Nocella replaces Leonard Genova, who stepped down Jan. 9, four days after his ally and longtime Supervisor John Venditto resigned to prepare his defense against federal corruption charges.
Saladino praised Nocella for his long experience in municipal government, having served in the Nassau County Attorney’s Office and also as counsel for the Office of Housing and Community Development.
“It happens to be a rare find—a former federal prosecutor who also has extensive experience in municipal law,” Saladino pointed out, adding that Nocella earned a commendation from the FBI director for his efforts in prosecuting racketeering, extortion, and fraud cases while serving in the Eastern District of New York.
Nocella, affirmed Saladino, “has proven time and time again to have the highest moral and ethical standards, as well as a willingness to take on the toughest battles possible to protect the best interests of his fellow citizens…His experience will dovetail nicely with the mission of the Town of Oyster Bay.”
Saladino also named Gregory Carman Jr. to be deputy supervisor. A partner in a Farmingdale law firm, Carman is a former Farmingdale village attorney.
“He is extremely active in the community,” praised Saladino, whose father Joe Sr. and Carman’s father, Gregory Sr., served together on the Oyster Bay town board decades ago.
Greg Sr. was on hand to swear in his son. Saladino praised the family’s public service. Both Carmans are graduates of St. John’s University Law School. The father is a former congressman and was appointed by President Reagan to the United States Court of International Trade, where he served a term as chief justice. He now holds the rank of senior judge on the court.
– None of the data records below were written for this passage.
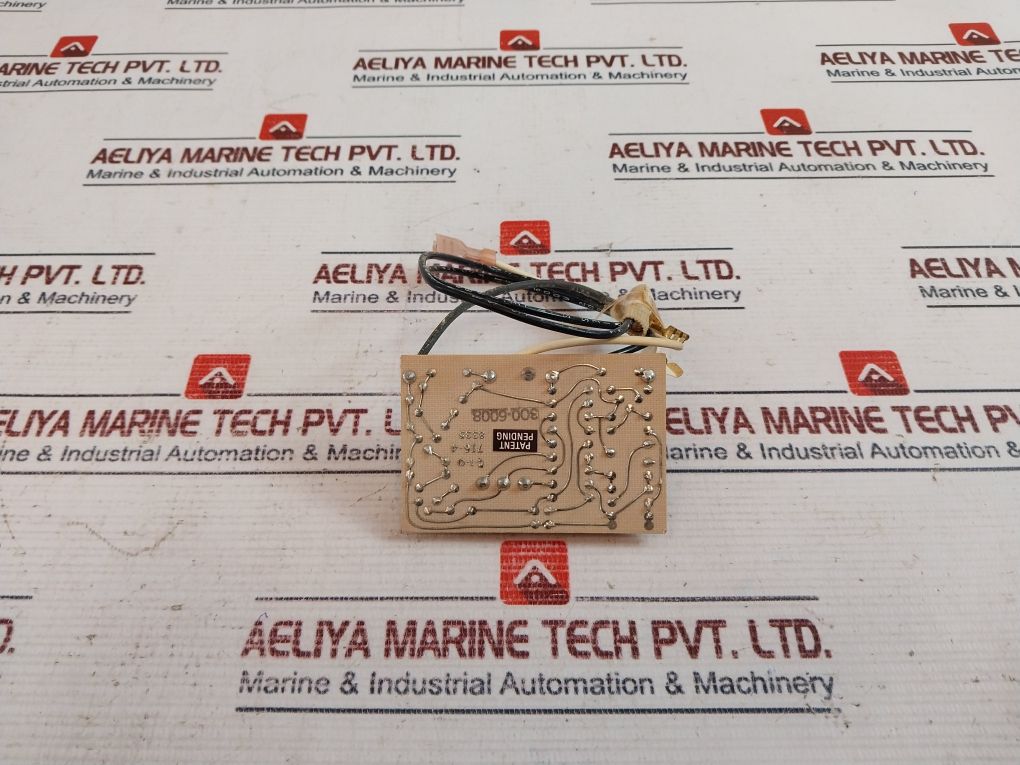 7605984 Time Control For Thermostat 120V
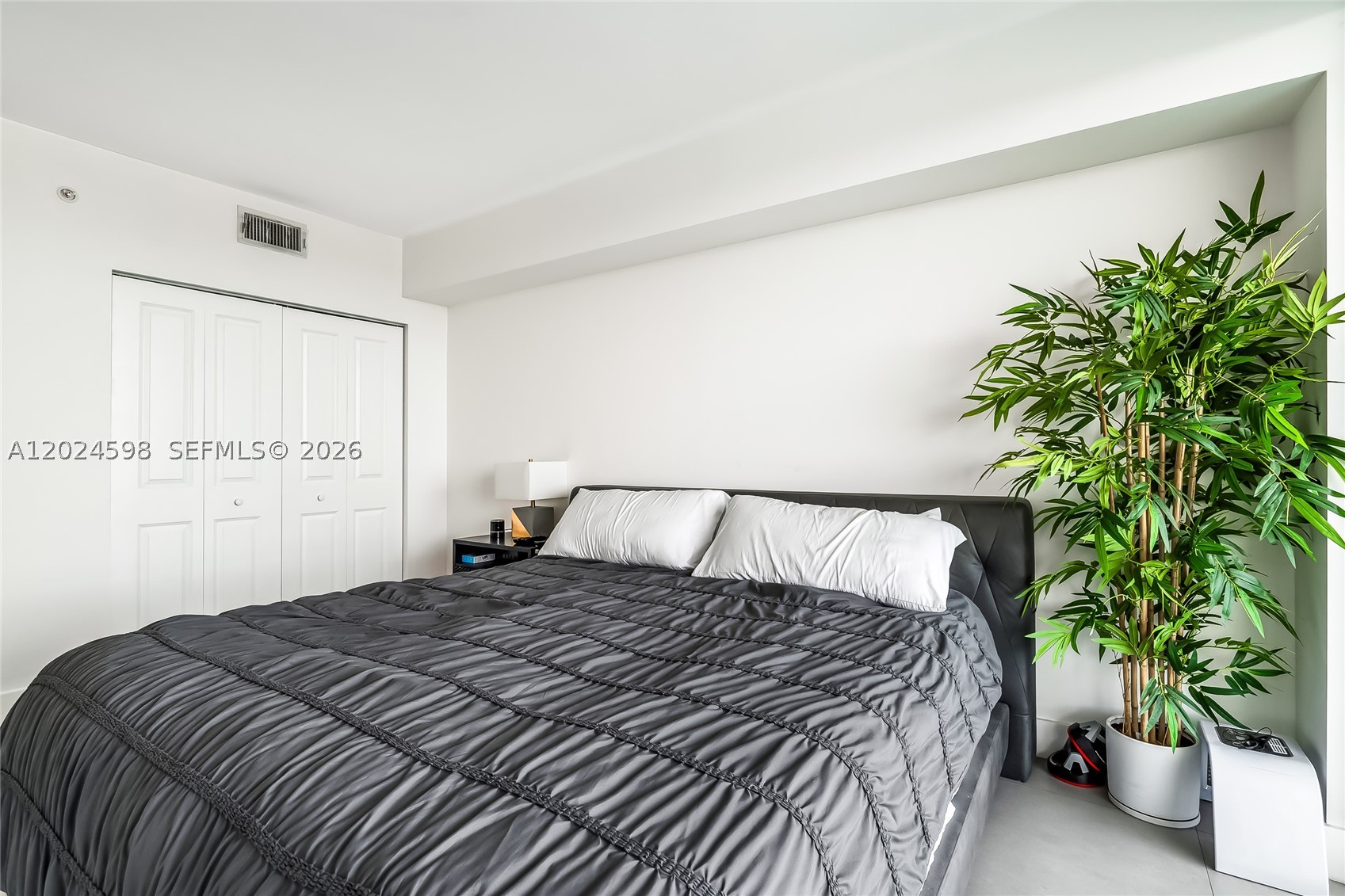 image 400 Sunny Isles31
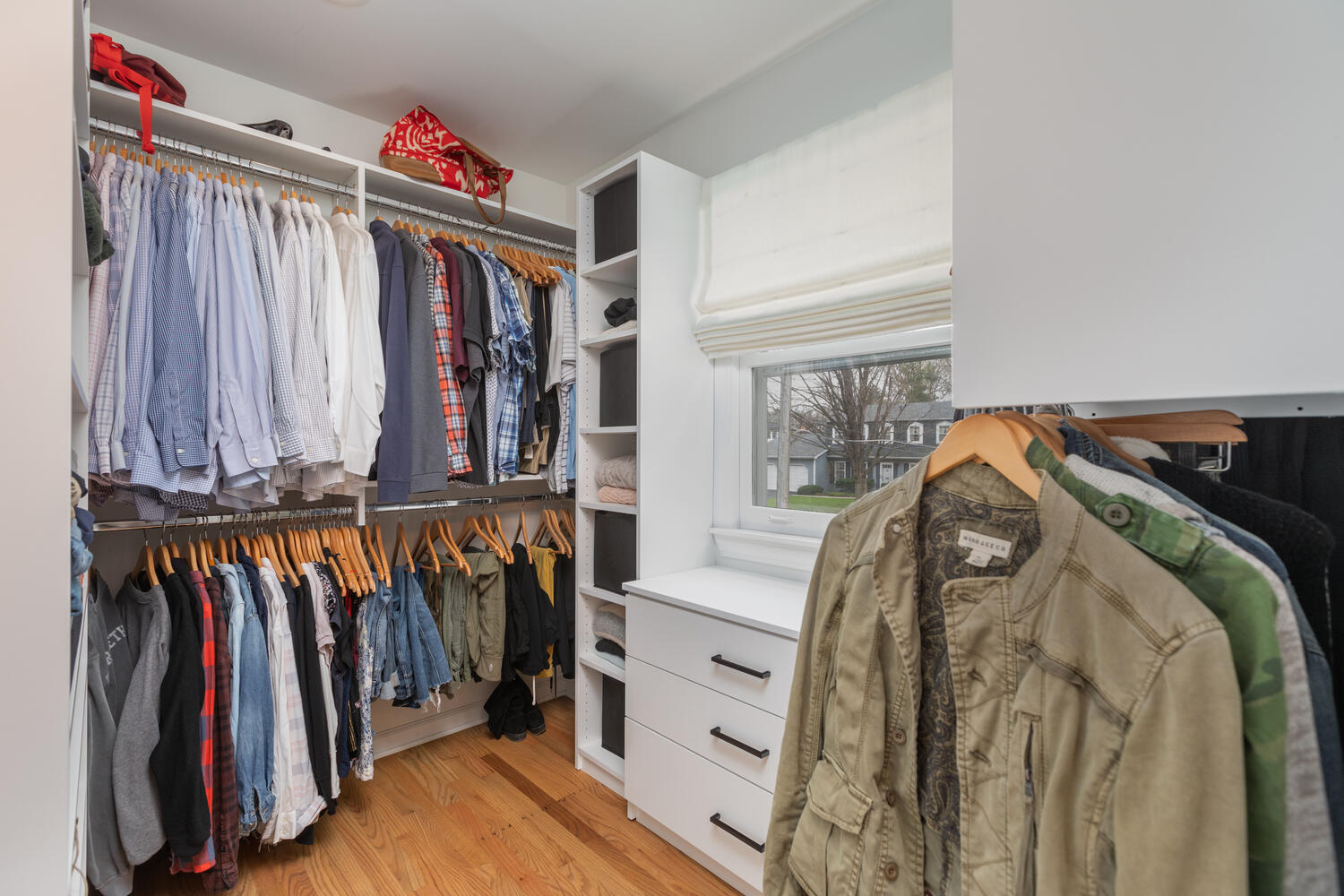 1029 Anne Road Naperville, IL 60540 - Photo 19 of 48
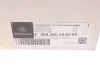 Супорт MERCEDES-BENZ 004420558380 (фото 13)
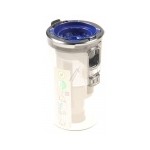 Samsung Zyklonenbehälter R867849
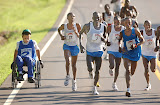 2005_Boilermaker_50.jpg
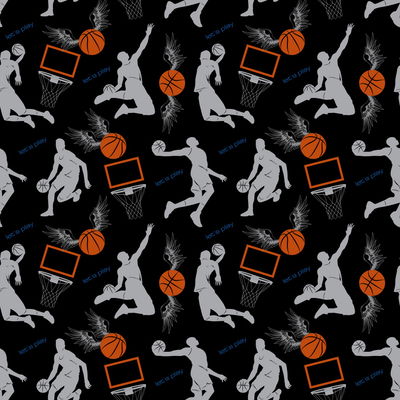 Deportes Otros 001 Basquet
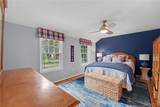 70 Briarhill Road - Photo 23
Of his new deputy, Saladino said that, “I know firsthand that he is an amazing administrator who’ll be bringing his talents here to the [town] and whose résumé fits very well with the mission of this administration and this board.”
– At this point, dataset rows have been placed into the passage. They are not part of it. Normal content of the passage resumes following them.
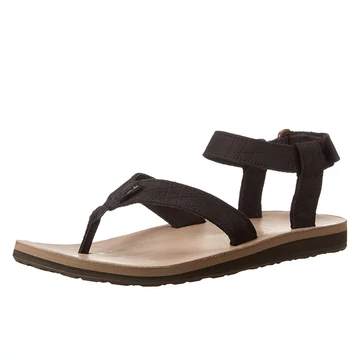 Teva Original Sandal Leather Diamond női szandál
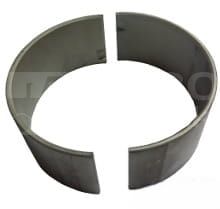 162000030724 Panewka Kor. +050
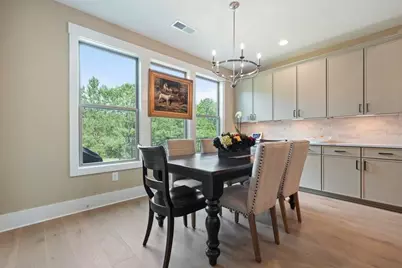 [Address not provided], Canton, GA 30115 - Photo 27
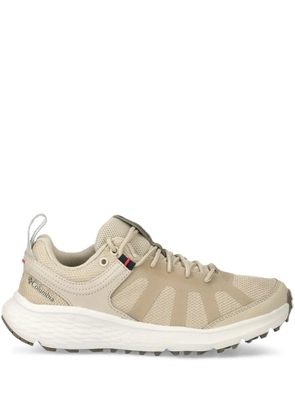 Columbia Konos™ Xcel sneakers - Neutrals
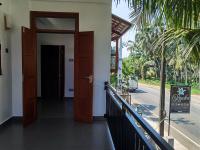 Kiyoko Villa Bentota Induruwa - Bed and Breakfast Maha Induruwa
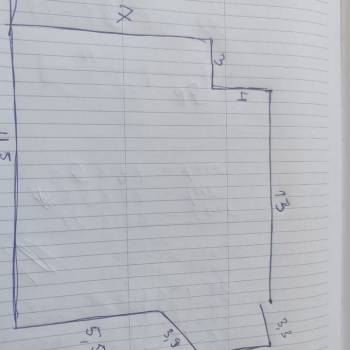 Сдается Нежилое помещение, 140 м²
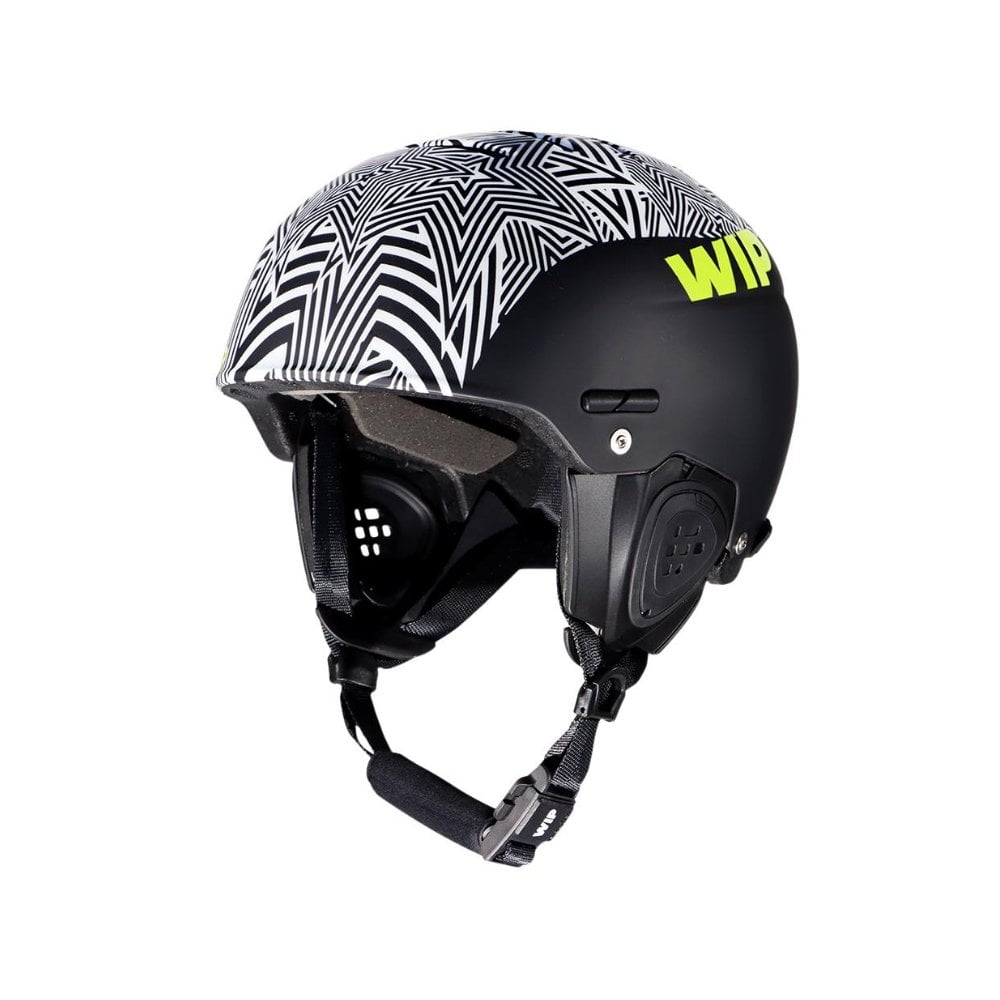 Forward Wip WIFLEX PRO 2.0 Helmet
The board also voted to approve Elizabeth Maccarone as commissioner of the Department of Planning and Development and Richard Lenz as the commissioner of the Department of Public Works.
“It’s no secret that great change is needed in the [town],” Saladino stated in introducing Maccarone. “One of the areas where we are tremendously committed to bring great change and to better serve the residents…is in the building department. Well, we have the right person, whose attention to detail, whose commitment to our town and whose résumé and experience is tremendous.”
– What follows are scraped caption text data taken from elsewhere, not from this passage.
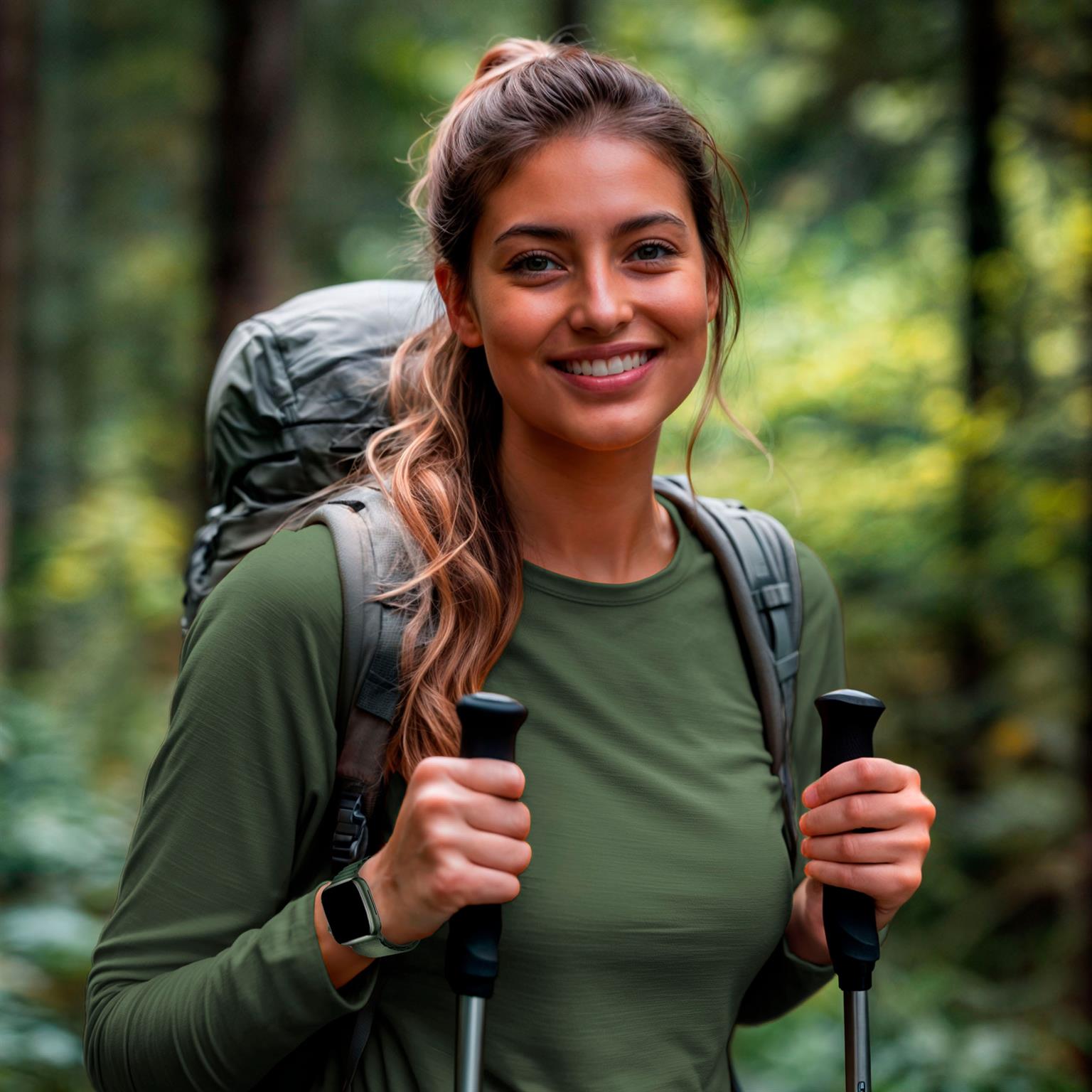 ONEFLOW Active Loop Apple Watch 1 (42mm) Sport Armband Nylon – Weiteres Produktbild 3 ONEFLOW Active Loop Apple Watch 1 (42mm) Sport Armband Nylon – Weiteres Produktbild 3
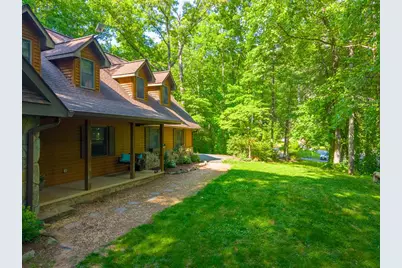 171 High Splendor Road, Robbinsville, NC 28771 - Photo 7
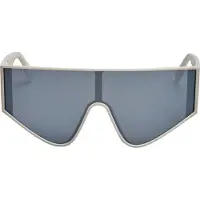 Karl Lagerfeld Kl6209s-105 65/19/140 Zonnebril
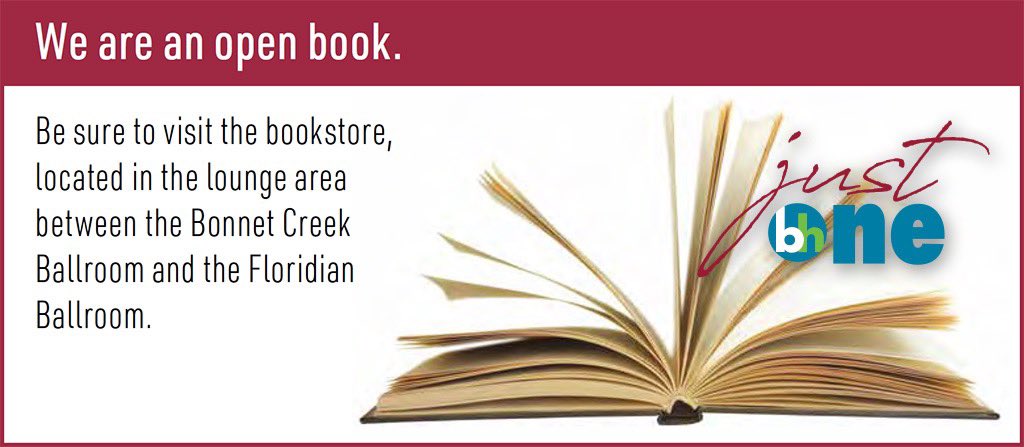 we have moved to @Floridabha1 tweet media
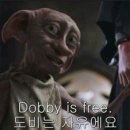 수원자생한방병원 이미지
Maccarone has been employed by the town (with a short absence) since 1989 and has spent nearly half of those years in the department she now heads.
“She’s the right person to get the job done,” praised Saladino, “and the changes you will see in this town [will be] remarkable and unprecedented.”
Lenz, who headed the DPW from 2005-07, “is a man whose experience in this field is lengthy and amazing,” said Saladino, who added that Lenz’s previous tenure was marked by “fantastic results.” He promised that, “there will be exciting news because [Lenz’s] responsibilities will be growing well beyond public works as you see the rebuild of Oyster Bay.”
Summing up the personnel moves, Saladino affirmed that “when you put some of your best people together, the outcome will be something special.
“These four individuals have the best interests of their fellow citizens at heart, and will work diligently to help my administration return town government to the path that it followed for so many years,” Saladino added in a statement. “The [town] and its residents truly are getting the whole package: public servants with unmatched dedication, the highest ethical and moral standards, as well as strong, hands-on administrators.”